# Champ 5f1 kit - in Canada?



## Seratone

A friend and I really want to build a couple of Champ 5f1 clones - after trying out a 1959 original Fender Champ....

I've done some research with sites like Mojotone etc. I'm really looking for a Champ kit - and most importantly a Champ Tweed Cabinet maker in Canada. I've talked to the guys at Trinity - but they don't have a 5F1 kit.

I sort of have a household rule not to buy anything from the States right now.

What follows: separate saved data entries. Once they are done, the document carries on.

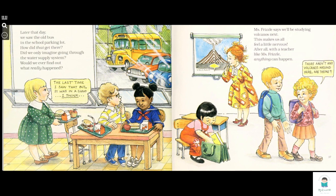Ms. Frizzler says we'll be studying volcanoes next. This makes us all feel a little nervous. After all, we're students with a teacher like Ms. Frizzler — anything can happen. There aren't any volcanoes around here... or are there?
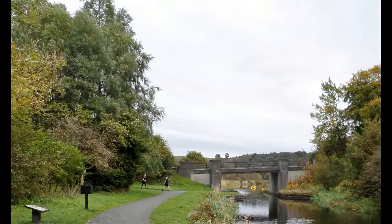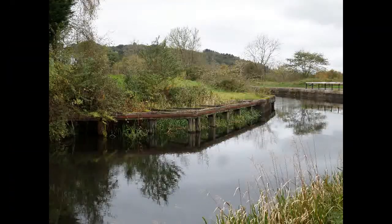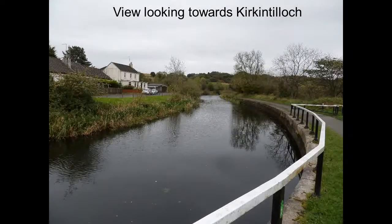There used to be quarries nearby here, so no doubt the basin originally would have had a quay for loading the stone onto canal boats. Also the canal boats could turn here. At one point there were also stables. When there was a passenger service on the canal, the horses would change here.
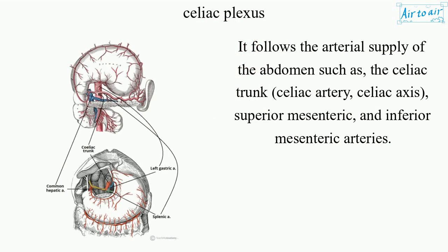It follows the arterial supply of the abdomen such as the celiac trunk, celiac artery, celiac axis, superior mesenteric, and inferior mesenteric arteries.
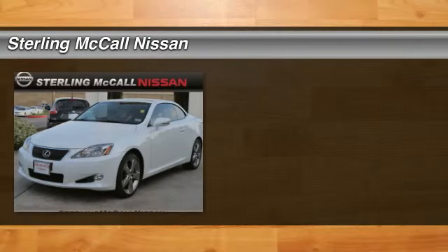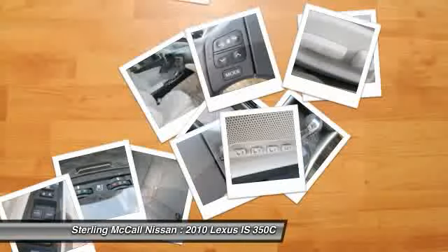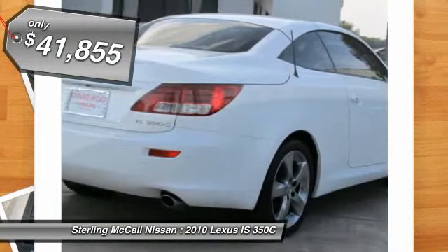Check out this 2010 Lexus IS 350 C — a 3.5L V6 with a navigation system, hardtop convertible. One owner. Clean car facts.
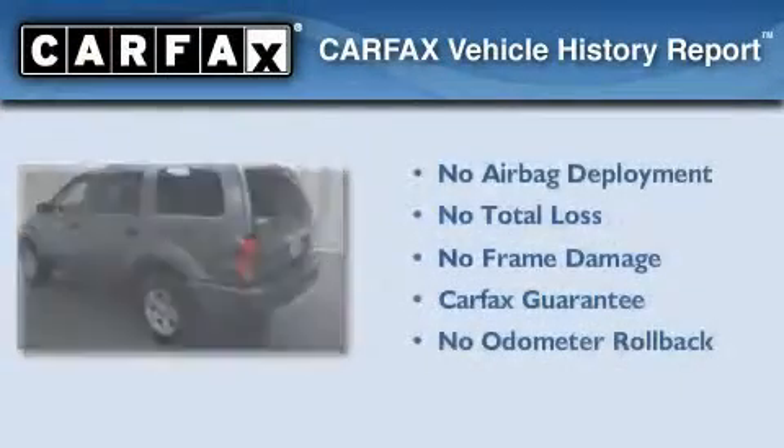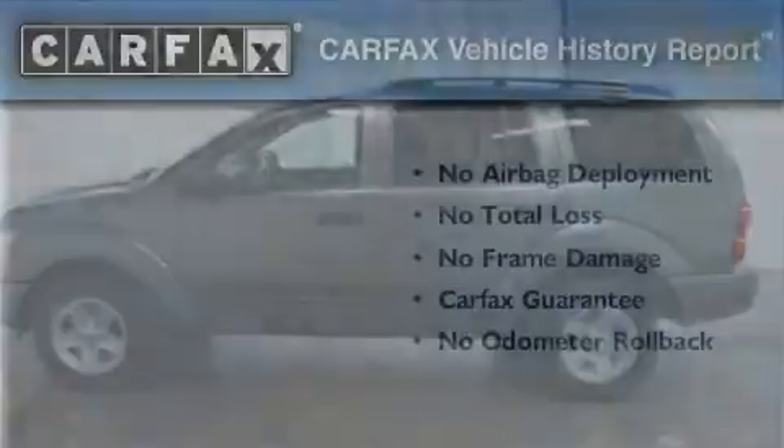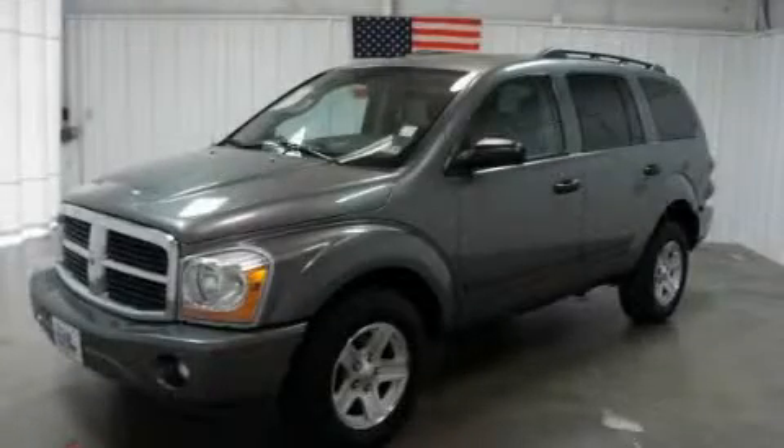Not to mention that this Dodge qualifies for the Carfax buyback guarantee. This vehicle won't last long at this price. Call and arrange a test drive now.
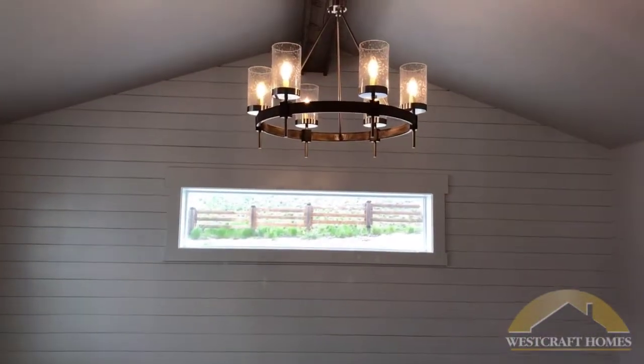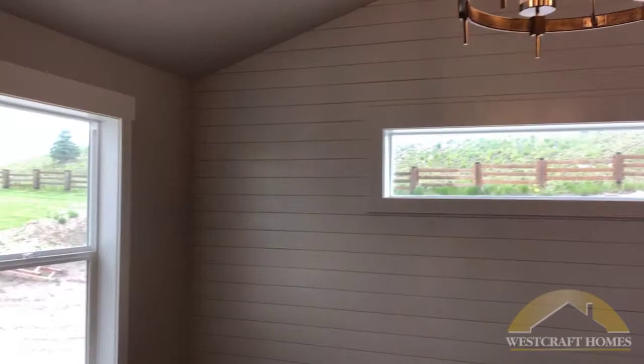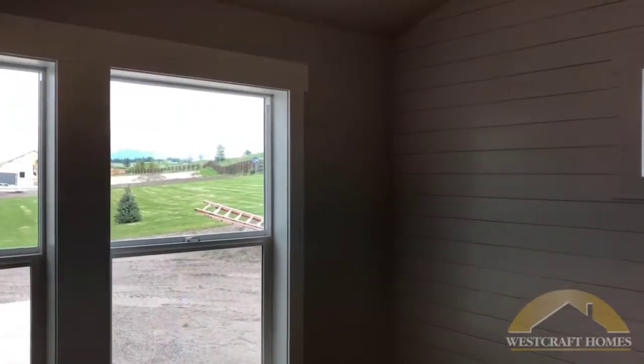The beautiful master suite features a shiplap wall and is surrounded by incredible mountain views.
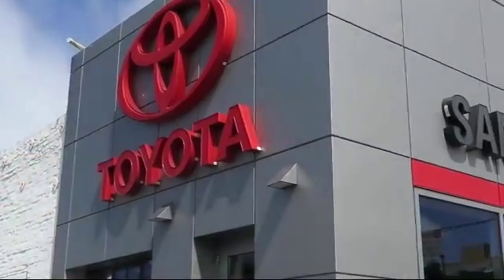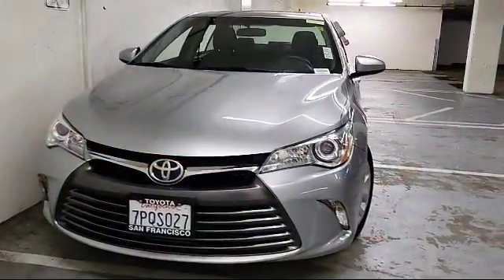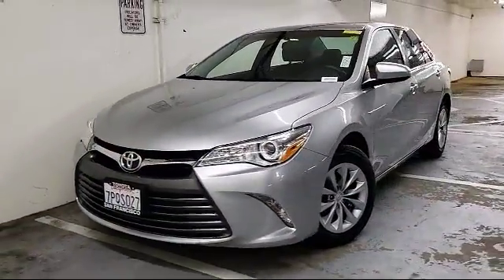Welcome to San Francisco Toyota, the Bay Area's premier Toyota dealership. Here's a look at one of our vehicles from our great selection of pre-owned cars, trucks, and SUVs.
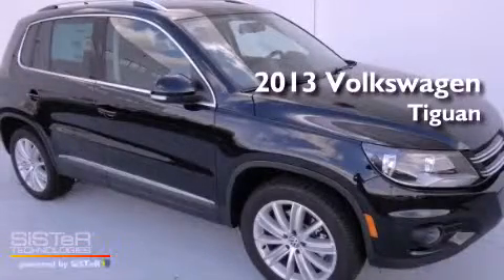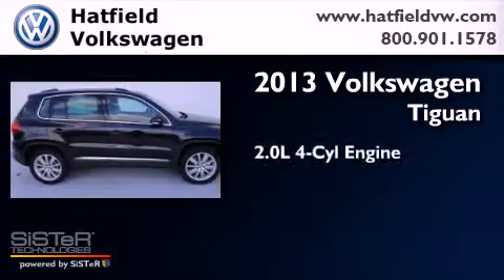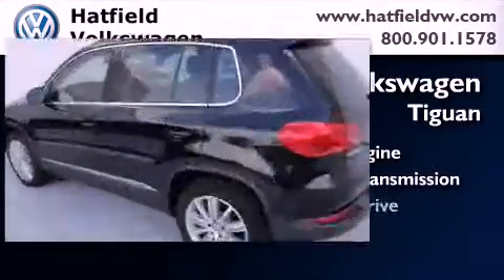This is a brand new 2013 Volkswagen Tiguan. It features a 2.0 liter 4-cylinder engine, an automatic transmission, and all-wheel drive.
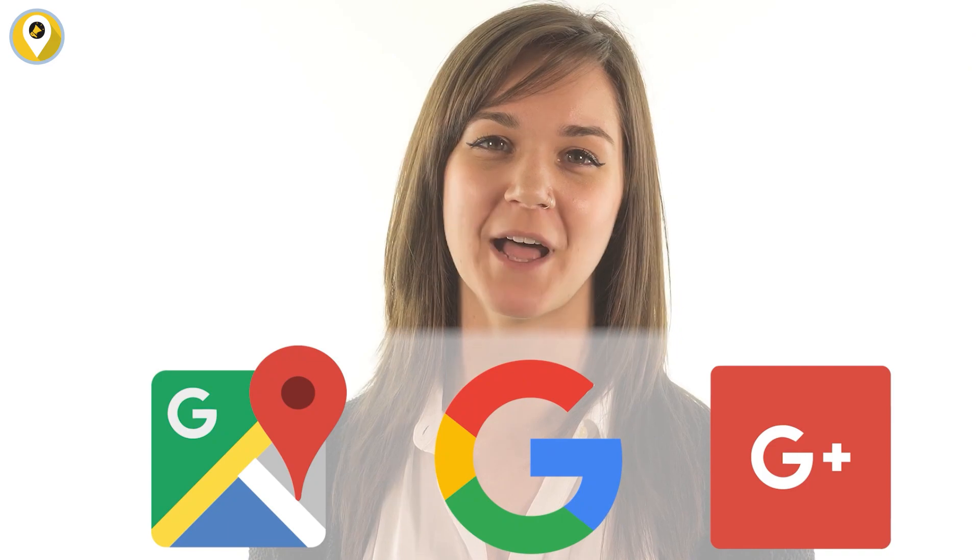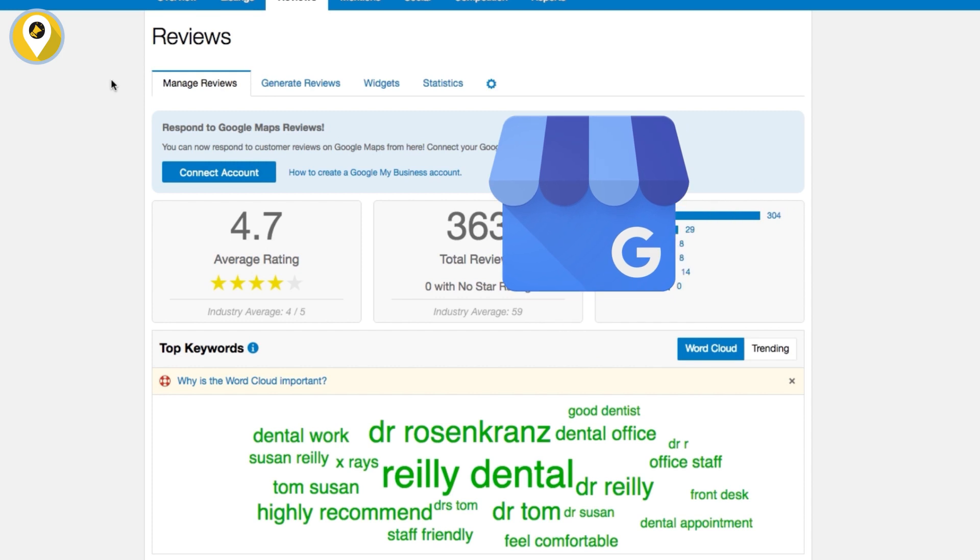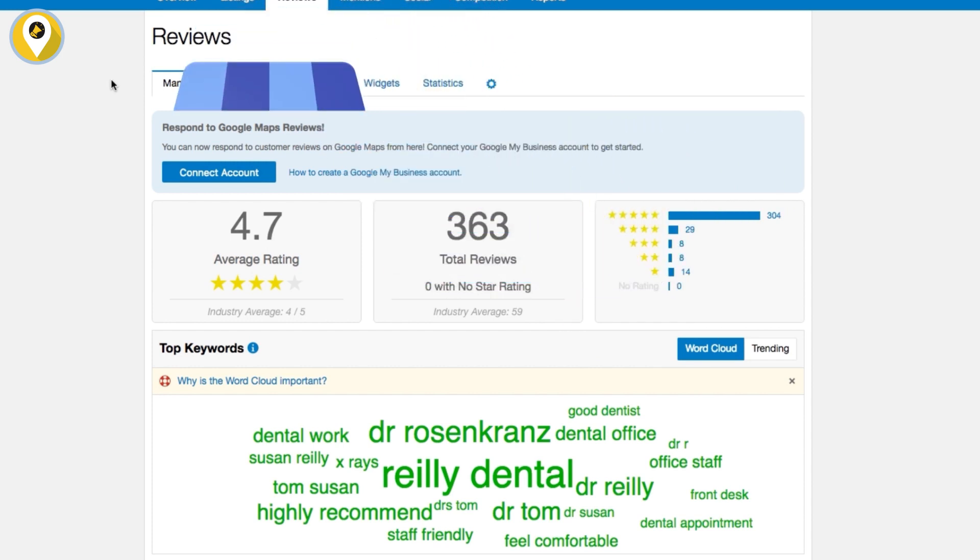Hi, everyone. My name is Katie, and I'm here to introduce our exciting new integration with Google My Business. Google My Business is a platform that allows businesses to manage their profiles on Search, Maps, and Google+. Our partnership with Google has allowed us to seamlessly integrate Google My Business into the Reviews tab of your Reputation Dashboard.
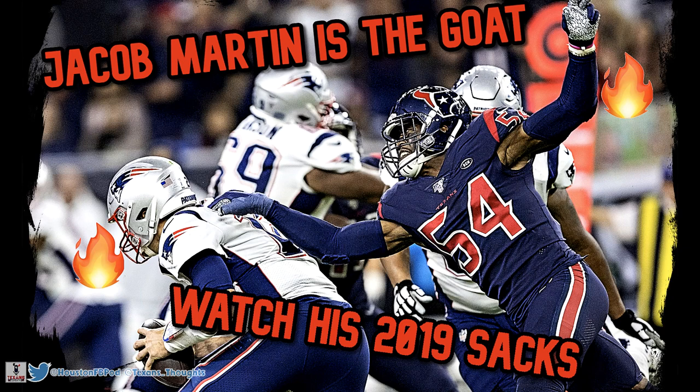What is good, what is up, my name is Jordan, you may know me as Texans Thoughts. I'm coming at you today with my first ever YouTube video. I'm looking to be your number one source for Houston Texans film breakdowns. Today I'll be breaking down the man, the myth, the legend — Jacob Martin. I'm a big fan of Martin and I'm starting out my YouTube channel in his honor.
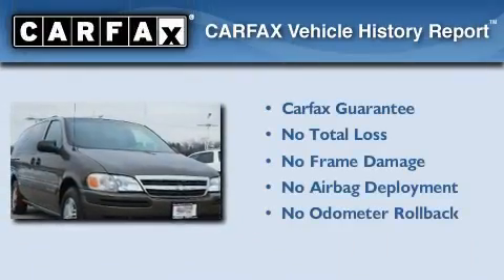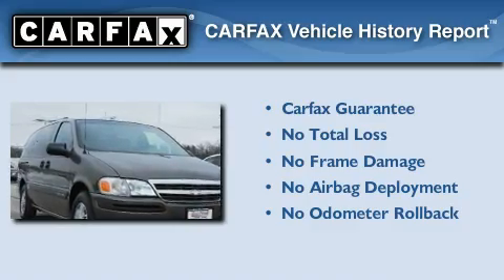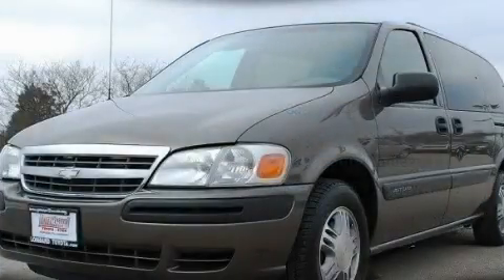Not to mention that this Chevrolet qualifies for the Carfax buyback guarantee. Contact us today to arrange your test drive.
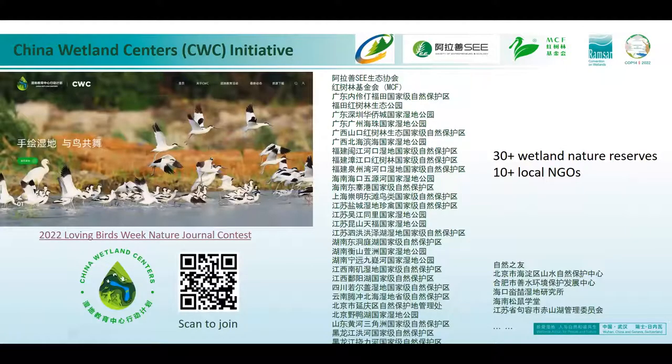There are four components: we develop an action plan for the development of wetland centres, provide capacity building for various stakeholders, build a platform for exchange and communication, and work on model wetland centres to provide good examples for colleagues to learn from. We started the pilot since the end of last year, and after a year's effort, we have continuously enrolled more wetland parks and nature reserves. So far we have more than 30 wetland nature reserves and more than 10 local NGOs, and this number is increasing — especially after the initiative was officially launched this afternoon.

Anyone know of any Canadian Distributors (especially for Cabinets)?...or possibly quality kits from Asia?


----------



## greco

Is this of any interest?

http://www.ceriatone.com/productSubPages/ACChampUltra/ChampUltra_Complete.htm


----------



## StevieMac

Derek Bell in Trenton can build you the cab and he delivers to the GTA. You can view some of his work and reach him via his kijiji ads: http://www.kijiji.ca/o-posters-other-ads/8068220

Any 5F1 build kits I'm aware of would need to be imported, with those from Triode Electronics being the very best value IMO (i.e. quality of components/$). If you do get their 5F1 kit, I highly recommend paying the $5 upcharge for a 15 watt OT, which allows more output tube options (e.g. 6L6 & EL34). You might find a bare chassis for less elsewhere but, after separate shipping costs, you'd likely still come out ahead just getting it all from Triode: http://store.triodestore.com/5f1kit.html


----------



## gtone

Ooh, a 5F1 with an EL34 or 6L6 - now that sounds interesting!


----------



## sammyr

A1 electronics in etobicoke is a distributor for hammond and has 5f1 style chassis (link). I've built a few champ style heads using hammond transformers and 15 watt OT's (hammond 125 series). I use a blank aluminum hammond chassis and punch it myself and then wire it using a blank turret board or point to point. the upside and downside of the hammond 125 series is they are tapped for 2.5k, 5k and 10k as opposed to the champ spec 8k. the hammond 290ax or 272bx both are suitable as power transformers for running bigger bottle tubes and other rectifiers.


----------



## sammyr

With the exception of the mallory caps 99% of these goosed up champs was sourced locally in the gta. even the old stock rectifier and 6v6 (at a1 and toronto electronic surplus on sheffield). The only thing I would advise about building these oversized champs is that the hammond aluminum chassis are pretty thin. The steel are stronger but they're painted and I'm not sure how well they would do in terms of shielding so I haven't bothered trying yet. You may want to reinforce the area where the transformers are weighing down the chassis to prevent it from bending under the weight.


----------



## greco

A lot of great info and pics in this thread!


----------



## FarmerTedsCBGs

Seratone said:


> A friend and I really want to build a couple of Champ 5f1 clones - after trying out a 1959 original Fender Champ....
> 
> I've done some research with sites like Mojotone etc. I'm really looking for a Champ kit - and most importantly a Champ Tweed Cabinet maker in Canada. I've talked to the guys at Trinity - but they don't have a 5F1 kit.
> 
> I sort of have a household rule not to buy anything from the States right now.
> 
> Anyone know of any Canadian Distributors (especially for Cabinets)?...or possibly quality kits from Asia?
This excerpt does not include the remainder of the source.